The incidence rate is not uniform in the 0–14 year age group but rather it tends to be lower in young ages and increases to a peak usually in the 10–14 year age group. For countries in which age-specific rates were not available, a single multiplier to convert incidence rates to prevalence rates was derived as the median multiplier for countries for which age- and sex-specific incidence rates were available. Equal-sized populations in each age-sex subgroup were assumed in this calculation. The resulting prevalence to incidence ratio of 6.2 was therefore employed to convert incidence rates to prevalence rates in all countries in which age-specific incidence rates were unavailable. Using an assumption that the mean age at onset of diabetes occurring before the 15th birthday was 8.5 years, a similar conversion factor of 6.5 was derived in the second edition of the IDF Diabetes Atlas, as the mean duration of diabetes in the 0–14 year age range.

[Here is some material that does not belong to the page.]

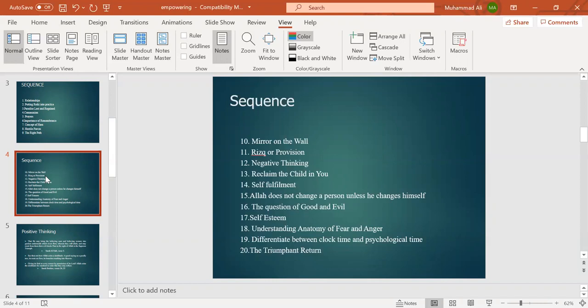Understanding the anatomy of fear and anger. We will also discuss the difference between clock time and psychological time, and the triumphant return. These are the themes that we will cover in this course, which will span about 20 or 25 days depending on the elaboration of the topics.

This method of estimating prevalence from incidence assumes that the effects of mortality are minimal. In developed countries, which tend to have high quality incidence data, mortality rates amongst children with diabetes are low and any adjustment for mortality is unlikely to have much impact. In less-developed countries, which often have poorly estimated incidence rates based on small numbers, the application of an adjustment for mortality could not be done. In the few countries that had published prevalence rates, these were lower than the 6.2 factor and so this may reflect some adjustment for mortality, or a pattern of older average age of onset. Further incidence and prevalence studies are needed to clarify the situation as mortality may be much higher than estimated.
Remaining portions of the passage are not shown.